Exercise objective: From the line below containing "Livewire Investigates Skiing" to the final line, print each line exactly as written. No pictures belong in the copy.

Dataset records:

======

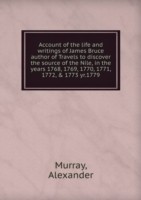 Account of the life and writings of James Bruce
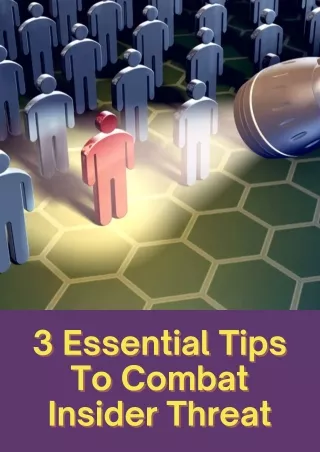 3 Essential Tips To Combat Insider Threat
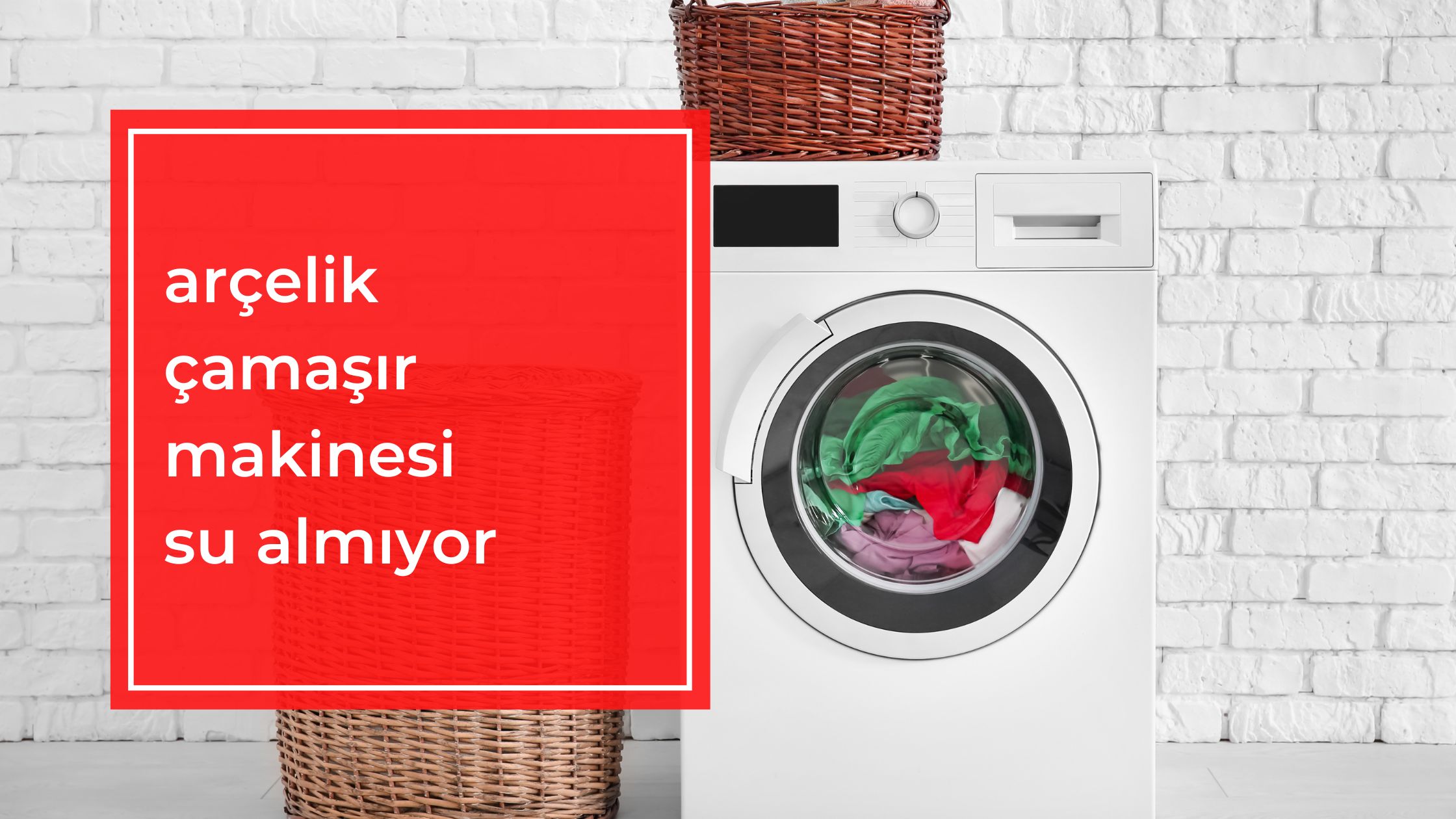 Arçelik Çamaşır Makinesi Su Almıyor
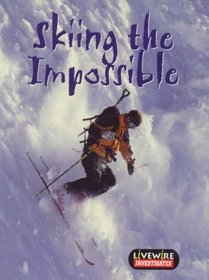 Livewire Investigates Skiing the Impossible (Livewires)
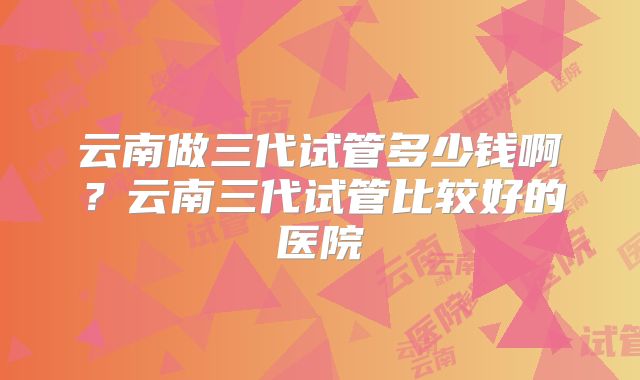 云南做三代试管多少钱啊？云南三代试管比较好的医院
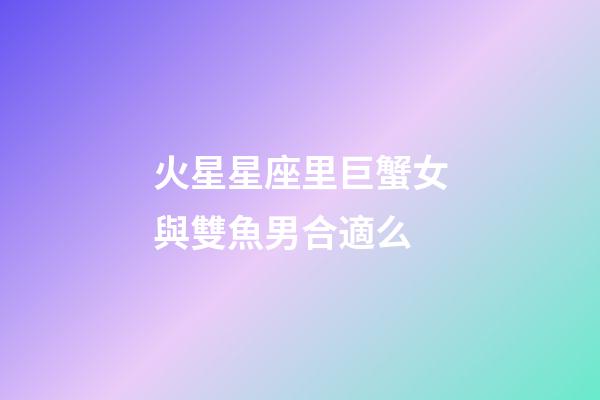 火星星座里巨蟹女與雙魚男合適么-第1張-星座運勢-玄機派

======

Solution:
 Livewire Investigates Skiing the Impossible (Livewires)
 云南做三代试管多少钱啊？云南三代试管比较好的医院
 火星星座里巨蟹女與雙魚男合適么-第1張-星座運勢-玄機派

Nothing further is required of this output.